Investigation: What outside study factors can lead to increased testing scores. How does having siblings affect the data, what about taking test prep?
students <- students %>%
mutate(avg_score = (math_score + reading_score + writing_score) / 3)
clean_students <- students %>%
filter(!is.na(nr_siblings), !is.na(test_prep))
library(plotly)
plot_ly(data = clean_students,
x = ~interaction(nr_siblings, test_prep),
y = ~avg_score,
color = ~test_prep,
type = "box",
boxpoints = "all",
jitter = 0.3,
pointpos = -1.8,
hoverinfo = "text",
text = ~paste("Siblings:", nr_siblings,
"<br>Prep:", test_prep,
"<br>Avg Score:", round(avg_score, 1))) %>%
layout(title = "Average Test Scores by Sibling Count and Test Preparation",
xaxis = list(title = "Sibling Count + Test Prep",
tickangle = -45),
yaxis = list(title = "Average Test Score"))

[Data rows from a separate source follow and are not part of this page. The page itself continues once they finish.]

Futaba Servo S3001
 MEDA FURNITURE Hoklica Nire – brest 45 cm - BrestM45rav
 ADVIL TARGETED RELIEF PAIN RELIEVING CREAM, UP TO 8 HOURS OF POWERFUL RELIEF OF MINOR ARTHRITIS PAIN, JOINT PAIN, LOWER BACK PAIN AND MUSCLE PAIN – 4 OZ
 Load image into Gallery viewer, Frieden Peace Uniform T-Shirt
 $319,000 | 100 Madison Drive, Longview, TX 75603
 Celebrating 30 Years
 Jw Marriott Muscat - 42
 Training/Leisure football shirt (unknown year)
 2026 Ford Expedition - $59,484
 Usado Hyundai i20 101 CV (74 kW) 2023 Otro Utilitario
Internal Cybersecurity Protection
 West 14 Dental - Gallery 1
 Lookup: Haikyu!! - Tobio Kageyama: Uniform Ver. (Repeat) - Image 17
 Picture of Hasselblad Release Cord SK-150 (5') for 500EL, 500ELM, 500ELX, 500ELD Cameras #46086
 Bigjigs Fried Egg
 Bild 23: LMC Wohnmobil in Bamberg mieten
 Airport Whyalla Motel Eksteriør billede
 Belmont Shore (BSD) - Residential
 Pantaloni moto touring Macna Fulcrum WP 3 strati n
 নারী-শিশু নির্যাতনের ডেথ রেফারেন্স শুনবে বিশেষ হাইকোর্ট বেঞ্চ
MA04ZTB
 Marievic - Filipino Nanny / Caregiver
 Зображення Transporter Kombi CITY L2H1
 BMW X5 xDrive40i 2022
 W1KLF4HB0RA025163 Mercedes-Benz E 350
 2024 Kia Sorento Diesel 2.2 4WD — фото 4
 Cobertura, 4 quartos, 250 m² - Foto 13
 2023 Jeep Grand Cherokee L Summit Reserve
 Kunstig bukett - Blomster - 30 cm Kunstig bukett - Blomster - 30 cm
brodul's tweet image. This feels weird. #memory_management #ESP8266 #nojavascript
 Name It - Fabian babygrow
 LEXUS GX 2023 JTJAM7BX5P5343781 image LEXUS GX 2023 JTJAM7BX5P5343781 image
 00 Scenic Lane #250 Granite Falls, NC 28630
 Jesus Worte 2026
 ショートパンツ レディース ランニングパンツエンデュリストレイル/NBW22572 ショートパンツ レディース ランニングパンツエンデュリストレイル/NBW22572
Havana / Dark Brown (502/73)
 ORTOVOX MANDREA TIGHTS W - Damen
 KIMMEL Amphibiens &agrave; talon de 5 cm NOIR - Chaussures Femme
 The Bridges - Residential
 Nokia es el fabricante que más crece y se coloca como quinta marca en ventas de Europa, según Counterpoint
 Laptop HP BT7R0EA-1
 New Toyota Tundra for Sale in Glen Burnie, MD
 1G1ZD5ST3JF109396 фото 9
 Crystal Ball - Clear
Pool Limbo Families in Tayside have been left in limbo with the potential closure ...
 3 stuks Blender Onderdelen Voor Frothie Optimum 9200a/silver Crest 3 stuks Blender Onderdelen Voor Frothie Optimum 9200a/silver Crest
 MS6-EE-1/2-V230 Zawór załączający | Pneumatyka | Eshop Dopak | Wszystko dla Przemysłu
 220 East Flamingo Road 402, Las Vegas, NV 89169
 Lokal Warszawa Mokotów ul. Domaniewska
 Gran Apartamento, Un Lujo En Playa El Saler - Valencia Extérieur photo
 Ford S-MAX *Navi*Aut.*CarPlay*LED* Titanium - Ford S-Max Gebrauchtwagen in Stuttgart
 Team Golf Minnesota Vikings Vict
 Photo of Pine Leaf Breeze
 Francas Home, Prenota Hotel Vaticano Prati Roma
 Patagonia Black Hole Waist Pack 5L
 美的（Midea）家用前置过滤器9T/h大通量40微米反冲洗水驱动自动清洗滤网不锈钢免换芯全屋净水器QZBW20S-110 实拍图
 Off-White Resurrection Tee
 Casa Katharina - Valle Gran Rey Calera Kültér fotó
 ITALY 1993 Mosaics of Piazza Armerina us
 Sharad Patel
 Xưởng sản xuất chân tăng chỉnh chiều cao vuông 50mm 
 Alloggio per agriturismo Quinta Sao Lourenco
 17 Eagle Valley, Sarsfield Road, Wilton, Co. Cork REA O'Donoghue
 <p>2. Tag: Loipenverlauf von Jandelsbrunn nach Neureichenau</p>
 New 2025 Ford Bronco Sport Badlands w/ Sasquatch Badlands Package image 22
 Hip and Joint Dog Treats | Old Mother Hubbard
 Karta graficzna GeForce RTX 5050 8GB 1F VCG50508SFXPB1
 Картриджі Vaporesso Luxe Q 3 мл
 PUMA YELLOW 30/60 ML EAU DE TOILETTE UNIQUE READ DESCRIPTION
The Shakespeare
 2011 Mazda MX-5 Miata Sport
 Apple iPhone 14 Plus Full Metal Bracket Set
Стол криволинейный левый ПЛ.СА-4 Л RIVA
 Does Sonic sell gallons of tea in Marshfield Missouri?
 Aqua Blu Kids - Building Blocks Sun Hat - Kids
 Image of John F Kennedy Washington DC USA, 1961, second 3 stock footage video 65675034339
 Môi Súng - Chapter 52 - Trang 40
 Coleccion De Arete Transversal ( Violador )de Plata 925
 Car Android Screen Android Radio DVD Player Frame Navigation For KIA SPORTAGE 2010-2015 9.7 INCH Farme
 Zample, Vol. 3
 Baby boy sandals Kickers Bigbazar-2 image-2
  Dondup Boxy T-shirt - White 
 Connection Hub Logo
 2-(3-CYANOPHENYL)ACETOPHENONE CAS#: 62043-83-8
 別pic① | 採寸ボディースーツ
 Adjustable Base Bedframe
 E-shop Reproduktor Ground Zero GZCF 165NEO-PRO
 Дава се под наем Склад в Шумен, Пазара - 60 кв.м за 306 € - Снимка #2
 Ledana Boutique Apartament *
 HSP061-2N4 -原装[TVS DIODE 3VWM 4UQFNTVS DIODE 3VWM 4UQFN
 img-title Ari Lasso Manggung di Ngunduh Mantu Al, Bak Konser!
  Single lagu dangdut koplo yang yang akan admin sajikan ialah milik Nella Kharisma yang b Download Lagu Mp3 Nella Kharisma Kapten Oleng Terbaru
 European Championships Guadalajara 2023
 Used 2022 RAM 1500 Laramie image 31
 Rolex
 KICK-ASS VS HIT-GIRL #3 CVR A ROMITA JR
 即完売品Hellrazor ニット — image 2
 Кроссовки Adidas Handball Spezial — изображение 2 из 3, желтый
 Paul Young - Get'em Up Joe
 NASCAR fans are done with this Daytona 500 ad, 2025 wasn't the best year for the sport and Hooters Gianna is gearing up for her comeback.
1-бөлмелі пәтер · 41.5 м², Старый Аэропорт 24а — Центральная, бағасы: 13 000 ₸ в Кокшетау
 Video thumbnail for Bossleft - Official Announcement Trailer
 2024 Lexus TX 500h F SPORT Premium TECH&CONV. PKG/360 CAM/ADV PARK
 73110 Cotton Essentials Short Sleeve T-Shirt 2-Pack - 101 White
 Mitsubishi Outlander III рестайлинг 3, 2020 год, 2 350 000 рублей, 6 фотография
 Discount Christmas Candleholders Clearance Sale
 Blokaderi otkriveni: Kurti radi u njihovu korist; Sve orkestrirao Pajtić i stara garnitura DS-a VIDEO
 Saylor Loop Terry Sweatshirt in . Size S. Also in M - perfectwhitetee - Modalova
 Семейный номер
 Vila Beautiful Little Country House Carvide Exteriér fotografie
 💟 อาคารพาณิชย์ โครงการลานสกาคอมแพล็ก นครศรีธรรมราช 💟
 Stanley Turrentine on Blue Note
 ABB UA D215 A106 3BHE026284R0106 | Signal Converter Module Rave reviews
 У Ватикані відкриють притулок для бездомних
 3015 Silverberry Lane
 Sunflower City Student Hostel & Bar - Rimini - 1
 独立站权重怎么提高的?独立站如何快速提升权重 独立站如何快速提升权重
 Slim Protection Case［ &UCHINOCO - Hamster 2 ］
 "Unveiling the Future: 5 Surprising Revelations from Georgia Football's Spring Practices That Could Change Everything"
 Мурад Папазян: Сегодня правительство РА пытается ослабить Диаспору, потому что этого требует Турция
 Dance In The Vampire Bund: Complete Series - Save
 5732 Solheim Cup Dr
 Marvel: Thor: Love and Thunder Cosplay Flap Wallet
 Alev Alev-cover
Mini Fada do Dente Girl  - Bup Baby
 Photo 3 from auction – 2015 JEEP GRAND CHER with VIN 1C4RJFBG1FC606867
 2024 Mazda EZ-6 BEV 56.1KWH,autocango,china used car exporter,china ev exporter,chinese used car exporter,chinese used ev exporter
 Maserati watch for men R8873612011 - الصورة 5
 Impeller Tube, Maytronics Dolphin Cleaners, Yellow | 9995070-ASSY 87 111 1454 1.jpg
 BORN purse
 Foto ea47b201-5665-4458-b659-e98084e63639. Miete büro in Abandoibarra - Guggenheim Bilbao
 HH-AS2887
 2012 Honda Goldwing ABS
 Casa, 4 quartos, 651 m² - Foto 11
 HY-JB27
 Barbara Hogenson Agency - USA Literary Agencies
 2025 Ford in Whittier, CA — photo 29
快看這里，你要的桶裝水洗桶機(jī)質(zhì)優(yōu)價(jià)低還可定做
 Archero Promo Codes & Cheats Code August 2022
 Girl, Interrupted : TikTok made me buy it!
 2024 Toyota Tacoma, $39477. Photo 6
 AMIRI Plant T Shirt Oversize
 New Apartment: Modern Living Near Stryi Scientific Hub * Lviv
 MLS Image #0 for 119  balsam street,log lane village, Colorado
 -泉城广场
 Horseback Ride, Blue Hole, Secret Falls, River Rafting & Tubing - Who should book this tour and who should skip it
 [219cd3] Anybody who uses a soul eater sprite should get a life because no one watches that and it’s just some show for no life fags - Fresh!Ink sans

## Warning in RColorBrewer::brewer.pal(N, "Set2"): minimal value for n is 3, returning requested palette with 3 different levels
## Warning in RColorBrewer::brewer.pal(N, "Set2"): minimal value for n is 3, returning requested palette with 3 different levels
Discussion: This boxplot presents the distribution of average test scores (math, reading, and writing combined) across sibling count, separated by whether students completed a test preparation course. A consistent trend emerges: students who completed the test prep course generally outperform those who did not, regardless of how many siblings they have. The median scores for the “completed” group are visibly higher across all sibling categories, with tighter interquartile ranges suggesting less variability in their performance. While the number of siblings introduces some fluctuation in score distribution, it does not appear to strongly influence performance on its own. This visualization supports the hypothesis that test preparation is a more impactful factor than having siblings when predicting academic success.